N (AtoZ Challenge 2022) Enter the New Woman - New Negro Woman

If the position of the Gibson Girl could be sometimes tricky, the position of African American New Women was outright complicated. African American women participated in the ‘movement’ of the New Woman, upholding a new image of black femininity that countered deep-set racial stereotypes while still dealing with them daily. New Negro Woman was normally actively involved in advancing the race. 

The 1920s was the time of the New Negro. Many African American entrepreneurs, politicians and especially artists (these last involved in the Harlem Renaissance) worked hard to give a new impression of what African Americans could do and were indeed doing in their community and sometimes outside of it. 
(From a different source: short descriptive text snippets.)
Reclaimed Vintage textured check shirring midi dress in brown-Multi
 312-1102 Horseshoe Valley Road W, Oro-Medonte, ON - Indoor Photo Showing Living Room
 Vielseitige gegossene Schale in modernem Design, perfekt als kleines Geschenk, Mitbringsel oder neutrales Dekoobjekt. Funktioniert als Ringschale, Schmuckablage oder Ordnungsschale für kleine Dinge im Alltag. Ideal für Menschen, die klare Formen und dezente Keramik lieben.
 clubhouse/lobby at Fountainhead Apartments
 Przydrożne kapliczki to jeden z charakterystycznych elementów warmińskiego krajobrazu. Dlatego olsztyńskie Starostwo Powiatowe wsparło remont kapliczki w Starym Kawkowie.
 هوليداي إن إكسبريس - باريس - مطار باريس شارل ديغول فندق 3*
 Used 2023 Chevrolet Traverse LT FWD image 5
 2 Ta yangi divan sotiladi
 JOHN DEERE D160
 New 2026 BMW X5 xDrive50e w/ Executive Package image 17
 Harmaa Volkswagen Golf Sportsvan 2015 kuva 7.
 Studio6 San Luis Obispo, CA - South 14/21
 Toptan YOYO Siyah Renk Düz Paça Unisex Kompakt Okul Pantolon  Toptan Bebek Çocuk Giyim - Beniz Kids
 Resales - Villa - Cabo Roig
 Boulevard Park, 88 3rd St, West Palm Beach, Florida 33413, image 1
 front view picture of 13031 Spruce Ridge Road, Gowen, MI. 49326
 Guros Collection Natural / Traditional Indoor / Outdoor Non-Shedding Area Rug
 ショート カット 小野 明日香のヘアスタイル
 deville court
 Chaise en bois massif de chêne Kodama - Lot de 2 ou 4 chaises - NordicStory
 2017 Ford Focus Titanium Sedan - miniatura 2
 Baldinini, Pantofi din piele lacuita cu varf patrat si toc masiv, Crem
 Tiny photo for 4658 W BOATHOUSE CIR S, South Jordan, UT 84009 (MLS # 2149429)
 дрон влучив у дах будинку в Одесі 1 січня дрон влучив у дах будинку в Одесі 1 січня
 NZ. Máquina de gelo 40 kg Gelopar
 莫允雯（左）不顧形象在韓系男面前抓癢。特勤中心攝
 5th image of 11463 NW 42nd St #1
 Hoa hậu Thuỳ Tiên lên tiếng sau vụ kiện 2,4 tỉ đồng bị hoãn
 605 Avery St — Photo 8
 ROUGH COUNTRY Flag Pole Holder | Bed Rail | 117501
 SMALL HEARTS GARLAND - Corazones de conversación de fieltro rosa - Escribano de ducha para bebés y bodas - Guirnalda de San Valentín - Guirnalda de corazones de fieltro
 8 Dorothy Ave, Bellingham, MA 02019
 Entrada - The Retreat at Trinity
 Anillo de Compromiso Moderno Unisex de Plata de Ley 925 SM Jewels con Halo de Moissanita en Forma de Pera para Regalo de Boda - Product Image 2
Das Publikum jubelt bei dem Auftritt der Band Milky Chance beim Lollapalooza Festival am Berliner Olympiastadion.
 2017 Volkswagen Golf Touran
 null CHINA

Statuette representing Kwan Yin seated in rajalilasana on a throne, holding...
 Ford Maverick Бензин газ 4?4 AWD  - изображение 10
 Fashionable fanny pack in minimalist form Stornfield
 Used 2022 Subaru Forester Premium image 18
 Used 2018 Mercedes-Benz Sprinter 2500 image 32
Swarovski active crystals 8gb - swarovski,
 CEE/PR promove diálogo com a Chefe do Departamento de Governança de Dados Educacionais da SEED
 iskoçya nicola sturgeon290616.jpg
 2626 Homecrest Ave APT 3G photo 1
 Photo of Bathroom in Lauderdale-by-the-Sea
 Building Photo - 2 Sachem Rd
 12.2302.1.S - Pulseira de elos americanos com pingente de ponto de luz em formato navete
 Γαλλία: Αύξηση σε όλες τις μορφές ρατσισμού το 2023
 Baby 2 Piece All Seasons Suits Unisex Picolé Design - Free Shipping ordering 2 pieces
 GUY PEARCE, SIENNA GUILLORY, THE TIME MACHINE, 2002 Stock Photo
Their action made a difference for their community, at least as far as the Jazz Age lasted. 

New Negro Woman - Enter the New Woman (AtoZ Challenge 2022)  The New Negro Woman participated in the New Woman's revolution, but with added challenges linked to prevailing racial stereotypes

In this new environment, women found themselves in a difficult position. 

Prevailing racial stereotypes linked the African American woman with sexual degeneration and availability and often depicted them as masculinised brutes who belittled even their own men. 

African American women had countered these stereotypes with a ‘policy of dissemblance’. They talked little and showed themselves as little as possible so that their words and images could not be used against them and especially against their men and activists. 

But the change that marked the rise of the New Woman posed new challenges. New Negro Women wanted to be freer. They wanted to work and manifest their own skills. They wanted to get an education and become businesswomen and artists. They wanted to live their sensuality more freely. In short, they too wanted to be New Women, which proved to be even more problematic than for their white counterparts.

Participating in the Gibson Girl ideal, especially through fashion and demeanour, became key in proposing a new image of African American women. By appearing as Gibson Girls, black women inserted themselves into that discourse and change and capitalised on the respectability of the Gibson Girl and all the meanings attached to her. However, they had to carefully handle anything that may suggest mobility and playful sensuality lest they fell into racial stereotyping.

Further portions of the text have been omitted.